Local Politics

McCrory, Perdue bicker over drilling, vouchers

Posted September 9, 2008
Updated September 10, 2008

— Gubernatorial candidates Beverly Perdue and Pat McCrory agree North Carolina needs tax breaks for small businesses, stronger immigration enforcement and a better mental health system.

But sparks flew Tuesday night during a debate sponsored by WRAL when the candidates discussed offshore oil drilling, the use of vouchers to send students to private schools and negative advertisements.

"She's just throwing things out there that aren't true," McCrory said of a Perdue campaign ad that contends McCrory's support of vouchers would pull $900 million from the state's public school system. "Your commercial is misleading and wrong, and you ought to pull it."

McCrory, the Republican mayor of Charlotte, said that he supports the concept of "selective scholarships" to assist students whose needs aren't met by public schools and that he wouldn't offer vouchers to every student statewide.

Perdue, the Democratic lieutenant governor, accused him of flip-flopping on the issue, and McCrory likewise charged she had shifted her position on offshore drilling for oil and natural gas.

Perdue said Tuesday that she supports oil exploration off the North Carolina coast if current technology ensures it won't spoil the state's beaches.

"We will do it on my watch if we can do it safely in the 'Graveyard of the Atlantic,'" she said.

McCrory said Perdue had been adamantly against drilling a few weeks ago during another debate, adding that he doubts technology has improved in three weeks.

Campaign ads paid for by outside groups that targeted each candidate were played during the debate.

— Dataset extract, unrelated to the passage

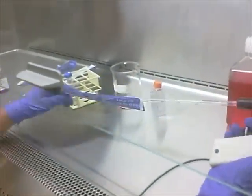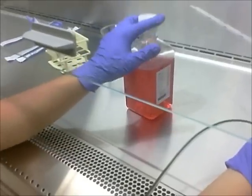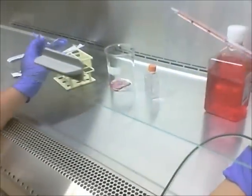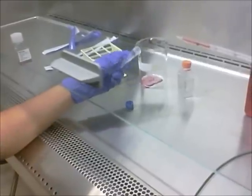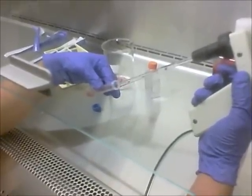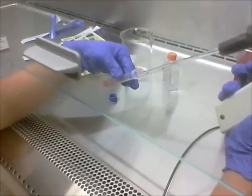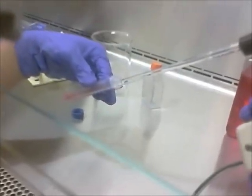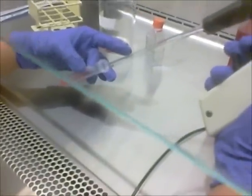Once more using a new pipette, being sure not to touch the tip to anything so we maintain sterile technique, we're going to use the designated media for mESC cells. We're going to add the media into our pellet — it's okay to put down the cap this time as we are already done with the centrifuge tube and will not be needing it further. We're going to very carefully add the media and resuspend our pellet, carefully pipetting up and down. Then we remove all the remaining contents of the centrifuge tube and transfer it into a flask.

One said McCrory favored "perks for politicians," while the other had a Perdue look-alike pressing the "status quo button."

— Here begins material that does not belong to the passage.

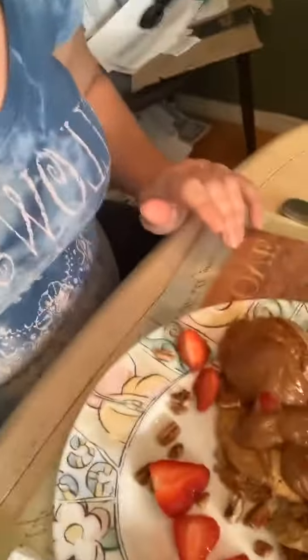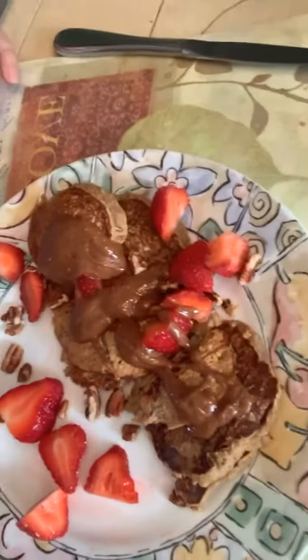I just wanted to come back on and show you the finished product. Hello, this is my protein-packed pancakes — doesn't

"I hate those ads. I wish no one would run them," Perdue said, adding that candidates are prohibited from contacting the outside groups to ask them to pull such ads.

McCrory said his campaign has refrained from running personal-attack ads and challenged Perdue to do the same.

"There are differences of opinion, and we should respect that," he said.

Both candidates said the federal government's immigration enforcement efforts have failed and said they would work with the state's congressional delegation to beef up programs.

"We want documented, legal workers in North Carolina," Perdue said.

They also both opposed allowing illegal immigrants to enroll in community colleges.

McCrory and Perdue criticized Gov. Mike Easley for his handling of mental health reform. An effort to decentralize the state system hurt patient care and eliminated accountability, they said.

Perdue also said the practice of giving teachers bigger raises than other government employees needs to be stopped, and workers need to be paid enough to keep them at state agencies. McCrory said the market should set the pay increases for different categories of teachers and other public-sector employees.

McCrory said his initial focus in office would be to cut the state's corporate tax and personal income tax rates, which he said would spur economic development and job growth. He said he would be more selective about using state incentives to recruit business, noting he would be more in favor of giving grants and tax breaks to large and small manufacturing companies.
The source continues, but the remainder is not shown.